*WHAT YOU SHOULD DO*:
Since the data must remain as supplied, reproduce it word for word.

□ □ □ □ □ □ □

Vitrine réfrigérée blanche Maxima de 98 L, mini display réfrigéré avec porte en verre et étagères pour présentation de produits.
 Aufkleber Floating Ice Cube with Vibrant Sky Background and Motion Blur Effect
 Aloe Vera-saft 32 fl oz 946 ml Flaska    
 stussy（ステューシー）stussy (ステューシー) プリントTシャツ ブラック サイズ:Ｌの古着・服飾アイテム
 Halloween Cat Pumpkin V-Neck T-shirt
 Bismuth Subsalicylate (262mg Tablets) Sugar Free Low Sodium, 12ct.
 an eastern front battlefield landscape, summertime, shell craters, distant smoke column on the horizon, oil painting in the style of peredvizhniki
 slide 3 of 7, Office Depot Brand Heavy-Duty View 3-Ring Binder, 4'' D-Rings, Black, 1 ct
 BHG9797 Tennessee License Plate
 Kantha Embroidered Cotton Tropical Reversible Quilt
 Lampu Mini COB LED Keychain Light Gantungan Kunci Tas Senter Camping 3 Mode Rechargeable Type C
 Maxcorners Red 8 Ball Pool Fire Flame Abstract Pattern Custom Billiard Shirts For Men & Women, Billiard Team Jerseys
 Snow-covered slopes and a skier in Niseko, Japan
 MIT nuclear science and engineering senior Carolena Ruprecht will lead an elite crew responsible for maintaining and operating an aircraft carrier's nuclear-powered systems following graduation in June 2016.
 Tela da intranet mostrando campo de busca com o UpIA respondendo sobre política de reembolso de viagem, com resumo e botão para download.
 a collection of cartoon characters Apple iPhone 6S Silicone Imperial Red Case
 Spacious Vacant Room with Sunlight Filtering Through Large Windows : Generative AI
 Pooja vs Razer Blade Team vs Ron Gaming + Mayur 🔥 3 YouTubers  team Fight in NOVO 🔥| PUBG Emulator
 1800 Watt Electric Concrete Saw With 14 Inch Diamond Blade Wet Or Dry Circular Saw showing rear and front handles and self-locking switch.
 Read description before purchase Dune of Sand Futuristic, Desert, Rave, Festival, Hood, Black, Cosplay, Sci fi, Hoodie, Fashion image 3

□ □ □ □ □ □ □

*SOLUTION FOR THIS PROBLEM*:
Vitrine réfrigérée blanche Maxima de 98 L, mini display réfrigéré avec porte en verre et étagères pour présentation de produits.
 Aufkleber Floating Ice Cube with Vibrant Sky Background and Motion Blur Effect
 Aloe Vera-saft 32 fl oz 946 ml Flaska    
 stussy（ステューシー）stussy (ステューシー) プリントTシャツ ブラック サイズ:Ｌの古着・服飾アイテム
 Halloween Cat Pumpkin V-Neck T-shirt
 Bismuth Subsalicylate (262mg Tablets) Sugar Free Low Sodium, 12ct.
 an eastern front battlefield landscape, summertime, shell craters, distant smoke column on the horizon, oil painting in the style of peredvizhniki
 slide 3 of 7, Office Depot Brand Heavy-Duty View 3-Ring Binder, 4'' D-Rings, Black, 1 ct
 BHG9797 Tennessee License Plate
 Kantha Embroidered Cotton Tropical Reversible Quilt
 Lampu Mini COB LED Keychain Light Gantungan Kunci Tas Senter Camping 3 Mode Rechargeable Type C
 Maxcorners Red 8 Ball Pool Fire Flame Abstract Pattern Custom Billiard Shirts For Men & Women, Billiard Team Jerseys
 Snow-covered slopes and a skier in Niseko, Japan
 MIT nuclear science and engineering senior Carolena Ruprecht will lead an elite crew responsible for maintaining and operating an aircraft carrier's nuclear-powered systems following graduation in June 2016.
 Tela da intranet mostrando campo de busca com o UpIA respondendo sobre política de reembolso de viagem, com resumo e botão para download.
 a collection of cartoon characters Apple iPhone 6S Silicone Imperial Red Case
 Spacious Vacant Room with Sunlight Filtering Through Large Windows : Generative AI
 Pooja vs Razer Blade Team vs Ron Gaming + Mayur 🔥 3 YouTubers  team Fight in NOVO 🔥| PUBG Emulator
 1800 Watt Electric Concrete Saw With 14 Inch Diamond Blade Wet Or Dry Circular Saw showing rear and front handles and self-locking switch.
 Read description before purchase Dune of Sand Futuristic, Desert, Rave, Festival, Hood, Black, Cosplay, Sci fi, Hoodie, Fashion image 3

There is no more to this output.